◆ Provided material:

☆ ☆ ☆ ☆

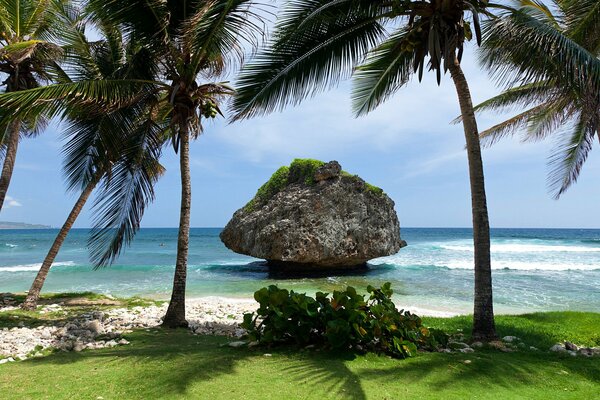 Tropici. Isola nel mare vicino alla riva con palme su uno sfondo di nuvole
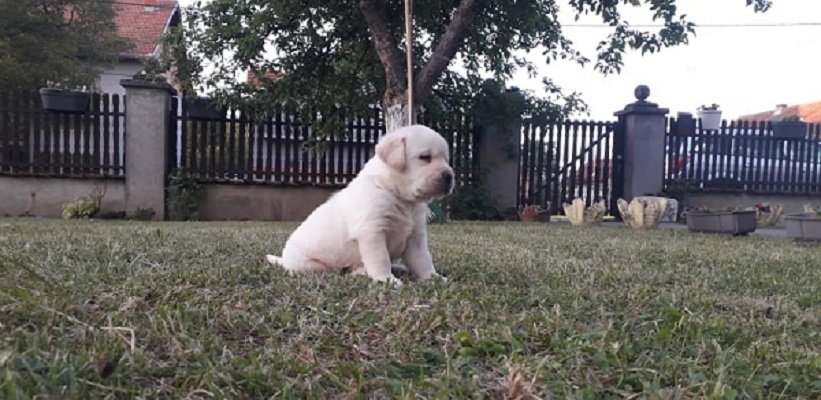 Stenci LABRADOR retrivera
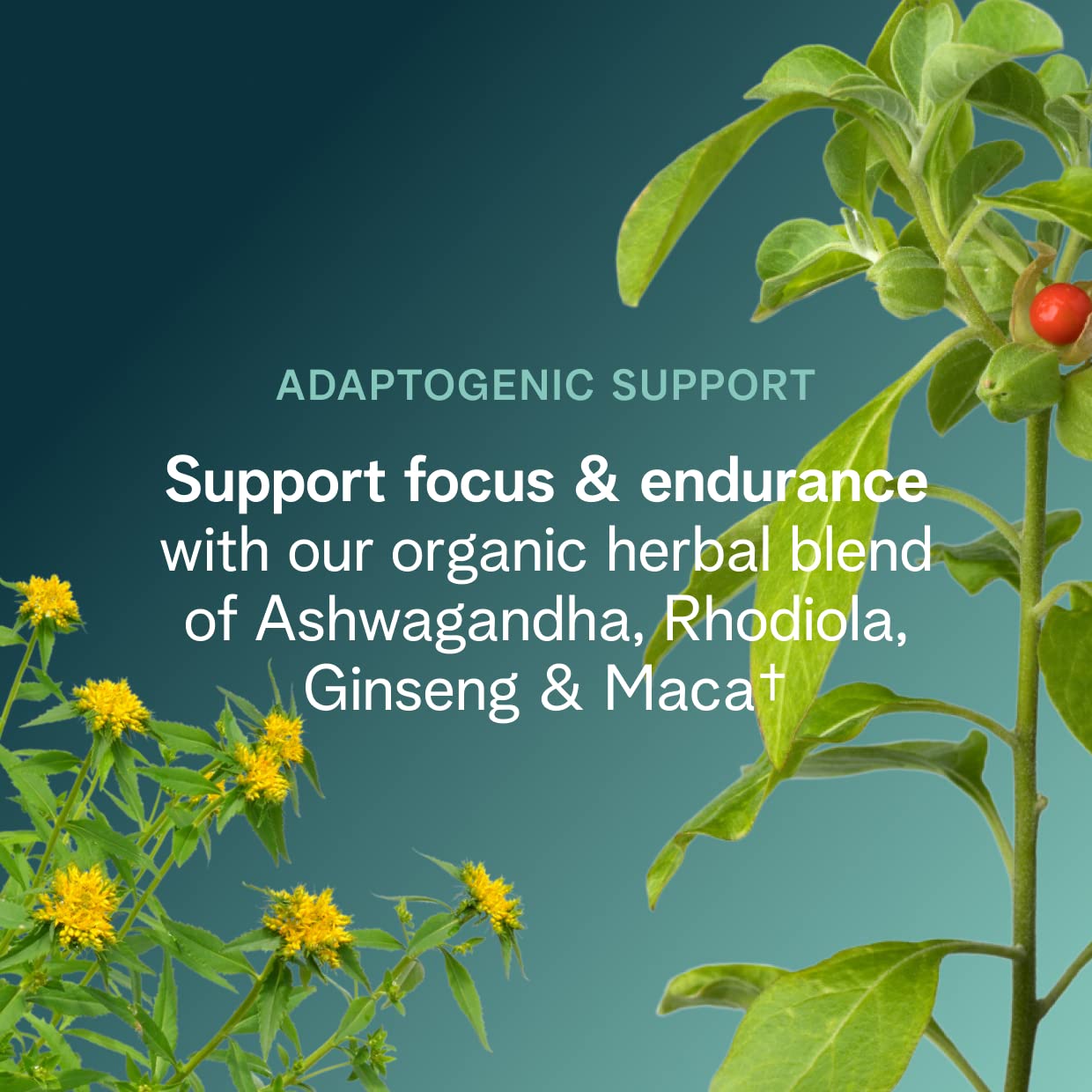 Ingredientes orgánicos clave como ashwagandha y rhodiola para enfoque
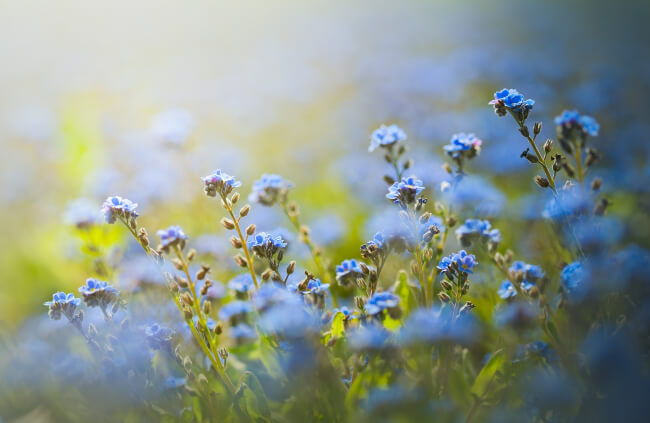 Beautiful Blue Flowers to Enhance Your Garden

☆ ☆ ☆ ☆

◆ Work to be completed: Give back the whole listing exactly as it stands. Drop every picture.

◆ Task response:
 Tropici. Isola nel mare vicino alla riva con palme su uno sfondo di nuvole
 Stenci LABRADOR retrivera
 Ingredientes orgánicos clave como ashwagandha y rhodiola para enfoque
 Beautiful Blue Flowers to Enhance Your Garden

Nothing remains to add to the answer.